- **Requirement**: In the listing below, locate the line that contains "1 Bedroom Flat" and the line that contains "Nagita Slavina dan Kucing Peliharaannya". Restate word for word those two lines and every line between them, and nothing else.

- **Exercise inputs**:

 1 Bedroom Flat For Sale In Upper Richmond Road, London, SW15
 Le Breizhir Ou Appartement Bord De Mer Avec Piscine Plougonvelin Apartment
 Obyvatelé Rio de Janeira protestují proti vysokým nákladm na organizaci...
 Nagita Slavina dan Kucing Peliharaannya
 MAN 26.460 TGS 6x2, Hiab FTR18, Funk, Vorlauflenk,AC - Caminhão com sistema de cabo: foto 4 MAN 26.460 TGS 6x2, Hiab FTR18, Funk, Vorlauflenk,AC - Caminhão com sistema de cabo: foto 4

...

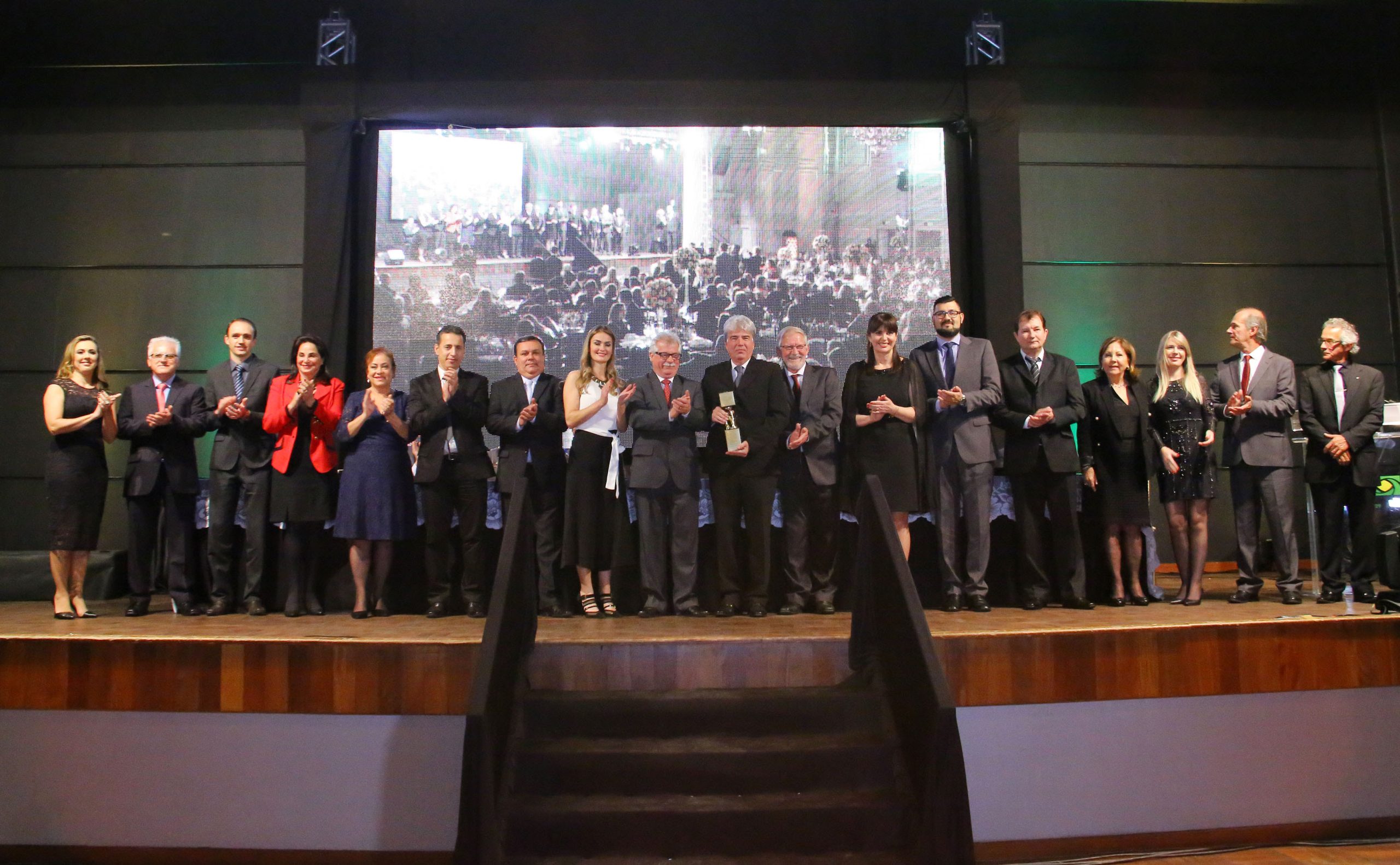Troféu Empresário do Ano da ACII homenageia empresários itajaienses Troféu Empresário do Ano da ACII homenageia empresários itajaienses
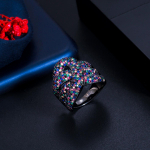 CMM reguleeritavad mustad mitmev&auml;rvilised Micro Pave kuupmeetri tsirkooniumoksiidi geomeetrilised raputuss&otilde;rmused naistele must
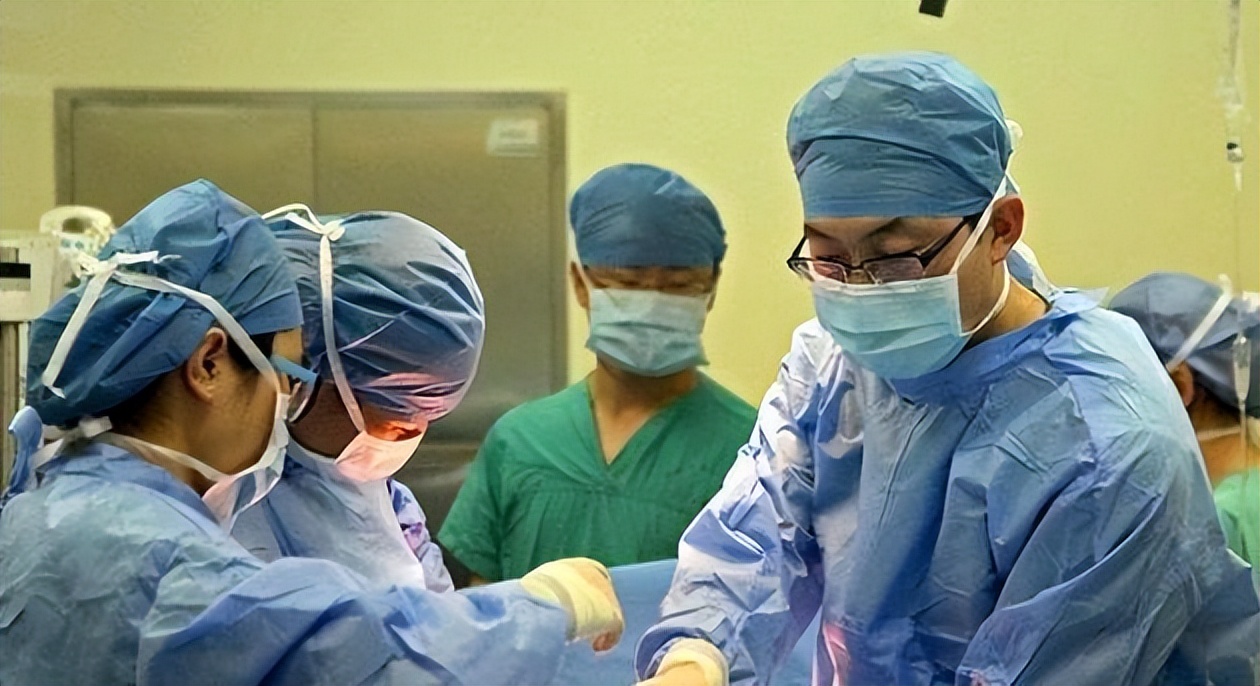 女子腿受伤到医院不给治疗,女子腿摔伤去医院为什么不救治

- **Completed task**:
 1 Bedroom Flat For Sale In Upper Richmond Road, London, SW15
 Le Breizhir Ou Appartement Bord De Mer Avec Piscine Plougonvelin Apartment
 Obyvatelé Rio de Janeira protestují proti vysokým nákladm na organizaci...
 Nagita Slavina dan Kucing Peliharaannya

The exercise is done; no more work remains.